Aparentemente, Rhuarc estaba tan desconcertado como Rand imaginaba que debía de parecerlo él, pero el Aiel asintió.

—La última alcanzó a otro Shaido, pero no lo mató porque se apartó gateando. Lástima que no fuera Couladin. —Señaló el visor de lentes y Rand le dejó sitio.

¿Realmente podría considerarse eso mala suerte? La muerte de Couladin no pondría fin a la amenaza cernida sobre Cairhien o cualquier otro sitio. Ahora que se encontraban a este lado de la Pared del Dragón los Shaido no darían media vuelta con las orejas gachas sólo porque el hombre que creían el Car’a’carn muriese. Sería un golpe para ellos, cierto, pero no tan fuerte como para hacerlos regresar. Y, después de lo que había visto, Rand no creía que Couladin mereciera una salida tan fácil.
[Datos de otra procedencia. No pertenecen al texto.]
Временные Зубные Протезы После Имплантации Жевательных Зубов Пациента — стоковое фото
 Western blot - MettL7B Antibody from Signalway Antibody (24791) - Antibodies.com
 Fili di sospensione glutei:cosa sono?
«Puedo ser tan duro como me lo exijan las circunstancias. Por él, sí puedo serlo», pensó mientras acariciaba la empuñadura de la espada.

42

Antes de la flecha

El techo de la tienda por dentro debía de ser la vista más aburrida del mundo, pero Mat permanecía tumbado boca arriba, en mangas de camisa, sobre los cojines escarlatas y con borlas que Melindhra había adquirido, observando fijamente la tela de color pardo. O, más bien, miraba más allá de ella, al vacío. Con un brazo doblado debajo de la cabeza, movió una copa de plata batida con la otra mano, haciendo dar vueltas al contenido, un buen vino procedente del sur de Cairhien. El pequeño barril le había costado el equivalente al precio de dos buenos caballos —es decir, lo que habrían costado dos caballos si el mundo y todo lo demás no estuvieran patas arriba— pero lo consideraba un precio pequeño por algo decente. De vez en cuando, y debido al movimiento giratorio, rebosaban una o dos gotas que le caían en la mano, pero ni siquiera lo advertía y tampoco tomó un solo sorbo.
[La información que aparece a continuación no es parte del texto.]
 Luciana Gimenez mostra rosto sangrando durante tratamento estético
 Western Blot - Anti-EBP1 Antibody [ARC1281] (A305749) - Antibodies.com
Desde su punto de vista, hacía mucho que las cosas habían sobrepasado con creces el adjetivo de ser simplemente serias. Así podían calificarse el estar atascado en el Yermo sin tener idea de cómo salir de él, los ataques de trollocs por la noche, la aparición de los Myrddraal que helaban la sangre en las venas con su mirada sin ojos. Ése era el tipo de cosas que ocurrían de manera repentina y que por lo general acababan sin que uno tuviera tiempo para pensar. No es que uno lo buscara a propósito, por supuesto, pero sí que acababa acostumbrándose si lograba sobrevivir a ello. Empero, hacía días que sabía adónde iban y por qué. Nada de repentino en ello. Días para pensarlo.

«No soy un jodido héroe ni un jodido soldado», rezongó para sus adentros. Enfurecido, relegó al rincón más hondo de su mente un recuerdo de ir caminando por las murallas de una fortaleza mientras daba órdenes a sus últimos subordinados de acudir al lugar donde otro montón de escalas de asalto de los trollocs acababan de aparecer. «¡Ése no era yo, así la Luz consuma a quienquiera que fuese! Yo soy…» No sabía quién era —un amargo pensamiento—, pero en cualquier caso su vida se componía de tabernas, juego, mujeres y baile. De eso no le cabía duda alguna. Y también un buen caballo y todas las calzadas del mundo para elegir, no quedarse sentado y esperando que alguien le disparara flechas e intentara clavarle una espada o una lanza en las costillas. Lo contrario sería actuar como un necio, y él no estaba dispuesto a ser tal cosa, ni por Rand ni por Moraine ni por ningún otro.